It’s been a few weeks since my last fishing trip thanks to the white noise that is a wife and kids. Now I love them really but they do get in the way of fly fishing. Anyhoo over the last month while I’ve been walking the dog along the old canal I’ve noticed lots of fishy activity. Big fish swimming just under the surface in groups of two or three, and schools of smaller fish taking insects of the surface. Well now that’s just too tempting isn’t it?
So Tuesday rolls around, a night that’s known in the house as the ‘ironing night’ which means she wants me out-of-the-way so that she can catch up on her soaps and get the ironing done with minimal fuss. “Hey why don’t you help her?” I hear you say. Well that’s a good question, and one I will choose to ignore for now. Anyway it was 19:30, the kids were in bed, the dog was walked, the iron was on, and I was out the front door and off fishing down the canal.
This canal was disconnected from the rest of the old canal network in the 1960’s so no boats have been through it in 50 years, so as such it’s now full of plant life, coarse fish, and the occasional dog out for walk. It is however in a very nice condition and well stocked. The fishing rights are owned and managed by a local club who luckily for me allow day tickets which are bought from the bank. Gear wise I set up with my small stream trout outfit of an 8ft 4wt rod & reel with floating line, small box of small flies in sizes 10 – 16, small scoop net (just in case), and various other bits and bobs all neatly packed away in my Vision Love Handles.
I’d walked the dog along the canal not more than two hours earlier so I already had an idea in my mind where I was going to fish and what tactics I was going to use, and I was pleased to see that not much had changed when I got to my first spot on the bank. I set the rod up, picked a small black gnat dry-fly, degreased the tippet and dressed the fly. Hang on where’s my gink? This isn’t gink this is xink, curses I’d left my floatant in my other bag. Ah well I’ll just have to hope that fly is small enough to sit on the water by itself, but I’ll add a couple extra false casts to dry it out when I cast. Soooooo first cast out and … a hit … but I missed it. Still a promising start none the less. Second cast and … a hit … and the hook was set. Ahhh look it’s like a fish but smaller I thought to myself as I unhooked it, but a fish is a fish is a fish so was happy with my little Rudd (or Roach or whatever it was).
I cast out again, hit again, missed again. Cast out, hit again, missed again. Cast out, hit again, missed ag … well you get the idea. I must have missed twenty or so takes from these little fish, they were just so fast. I tried striking immediately, I tried pausing, I tried lifting into them with the rod, tried drawing the line back, but nope I couldn’t get them on.
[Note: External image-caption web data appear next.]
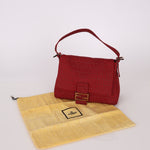 Fendi Zucchino Mamma Baguette RGHW - FashioNica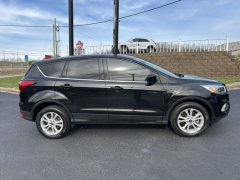 Used 2019  Ford Escape 4d SUV 4WD SE at Clutts Auto Sales near Hazard&comma; KY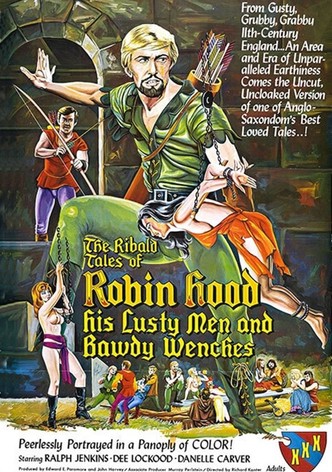 Les aventures galantes de Robin des Bois-poster-1969-1768564794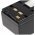 Helyettes�t� akku Fuji Universal videokamera 6,0V 4000mAh NiMH
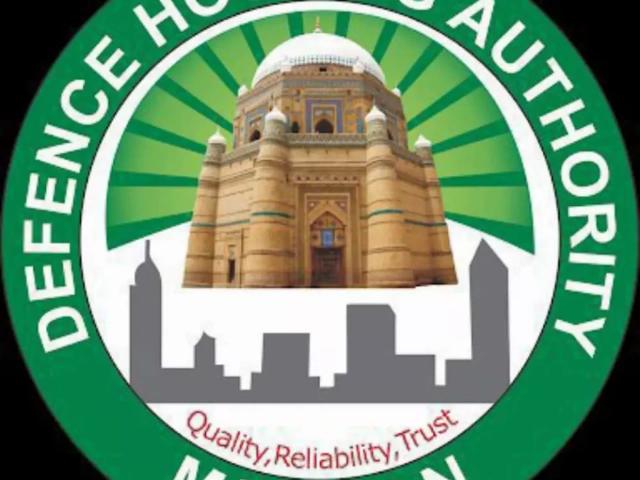 DHA MULTAN one canal plots available at? 30lakh Multan DHA Defence ID 14991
So I switched to slightly larger fly to try to force a bigger take from the fish but I had the same results, lots of hits but no hook ups. A new personal challenge has been presented to me now: how to get the hook set in a very small and very fast mouth.
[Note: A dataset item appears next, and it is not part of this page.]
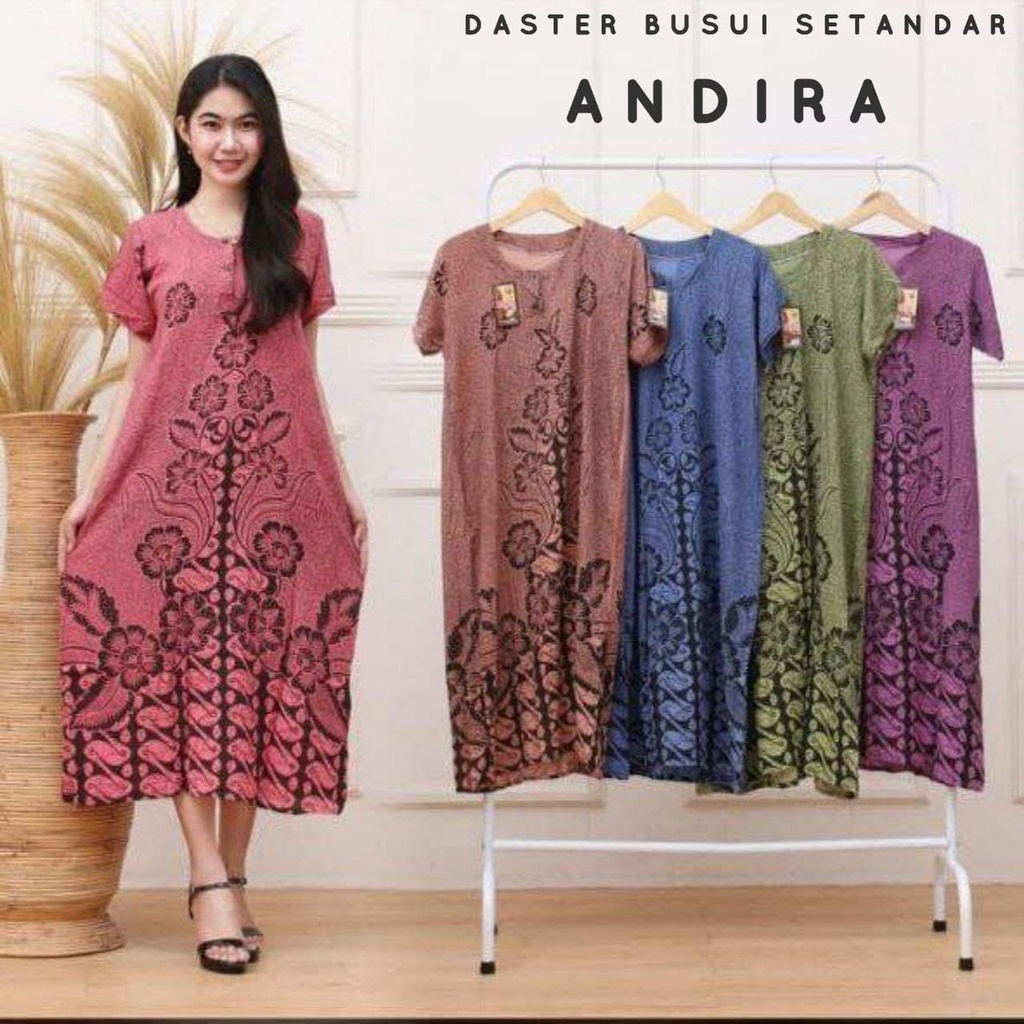 DASTER BUSUI DASTER HAMIL HITZ || ANDIRA || TORAJA || SEKAR || ULAR || NEVADA BEST SELLER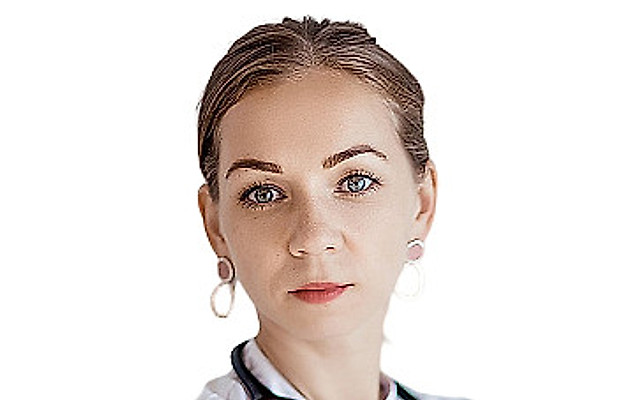 Русских Елена Вячеславовна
Time rolled on and the light was starting to fade and I was struggling to see the dry-fly on the water so switched to a small wet spider pattern. Second cast and I was hooked into another fish, a bigger Roach or Rudd. Nice fish, unhooked and away he went. A few more casts and a few more fish before I decided it was too dark to carry on so I packed up and went home quite happy with my two hours work. Happy days.
The next day I was back walking the dog along the canal when I spotted a new target. I’m not sure what it was but it was about the size of a 2 lb Trout, it was dark in colour and slim in shape. Definitely not a Pike but maybe a Tench or a Carp, anyway it swam alongside me at my walking pace for a good ten seconds. I’m watching you I thought to myself I’m gonna have you. It was almost sinister how it was swimming next to me as I walked, I wonder if he was thinking the same about me in some sort of ‘Jaws: The Revenge’ scenario. Maybe I need a bigger boat?